● **Prompt**: For the entries below, copy exactly the line that contains "Pixelated portrait of" through the line that contains "25 Pros and", both ends included, and exclude all pictures.

● **Material supplied**:
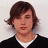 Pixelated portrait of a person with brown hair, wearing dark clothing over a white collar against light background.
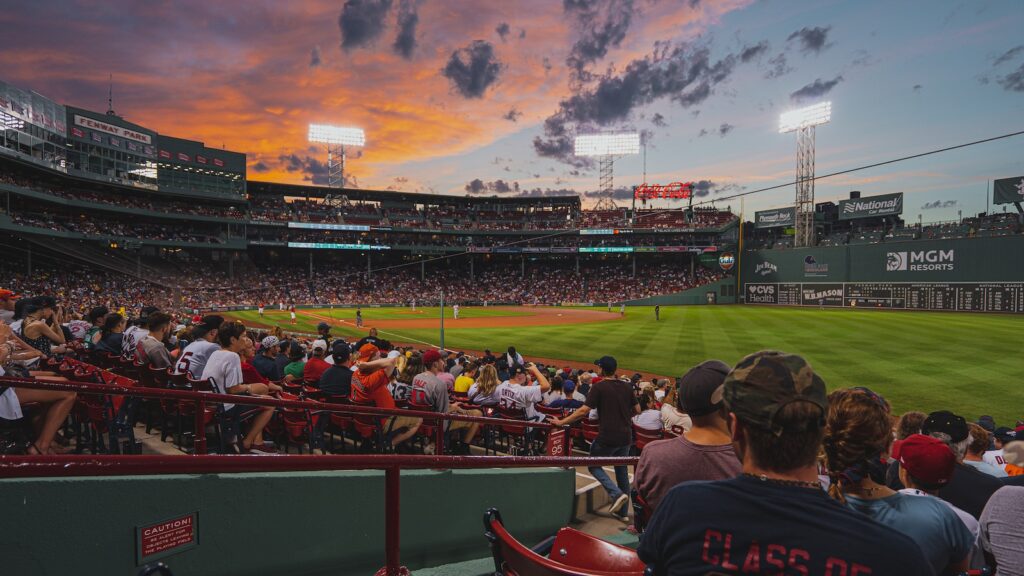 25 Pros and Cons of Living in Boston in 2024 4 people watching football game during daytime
* * *
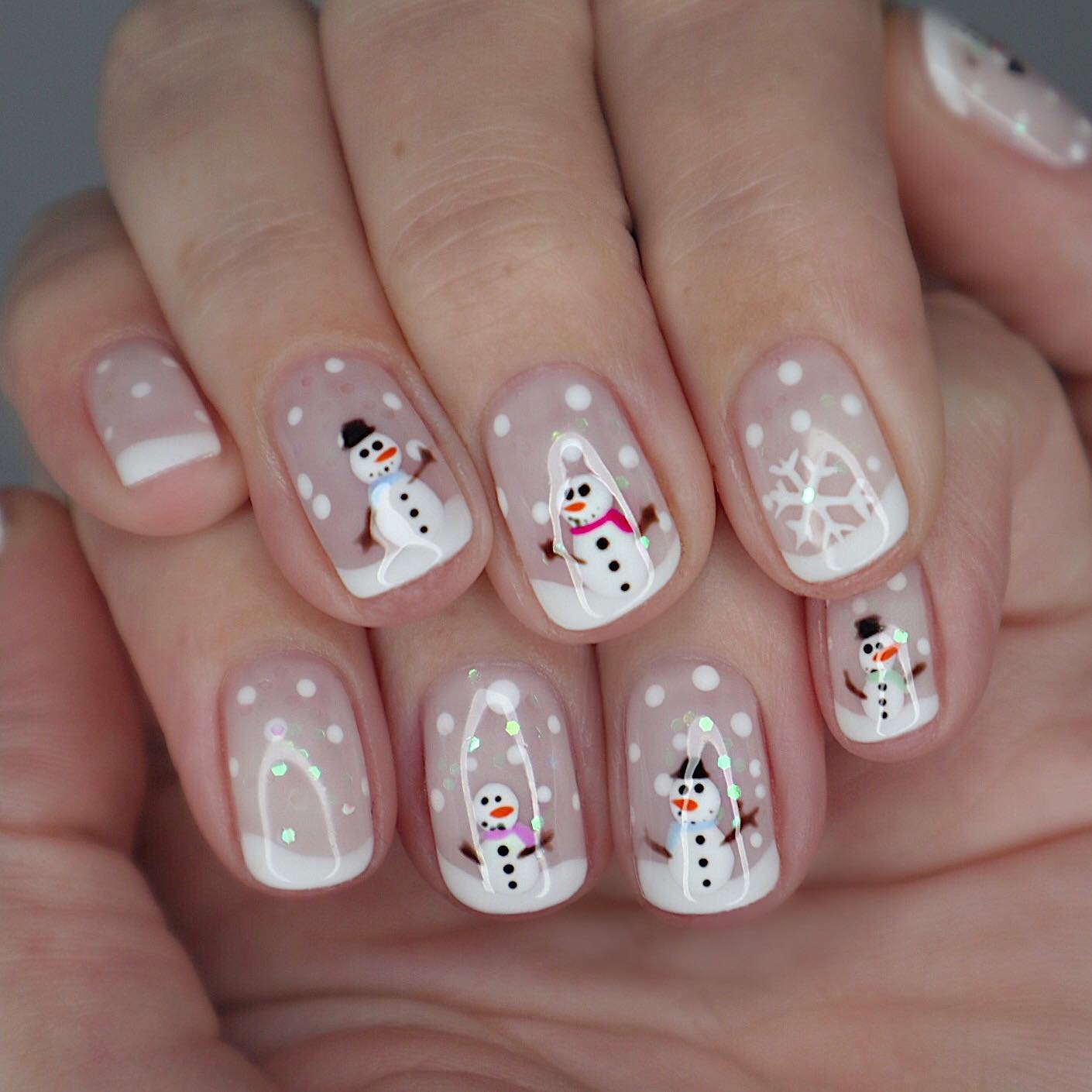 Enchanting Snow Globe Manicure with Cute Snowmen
...
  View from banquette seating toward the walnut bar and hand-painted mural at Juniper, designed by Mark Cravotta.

● **Worked solution**:
 Pixelated portrait of a person with brown hair, wearing dark clothing over a white collar against light background.
 25 Pros and Cons of Living in Boston in 2024 4 people watching football game during daytime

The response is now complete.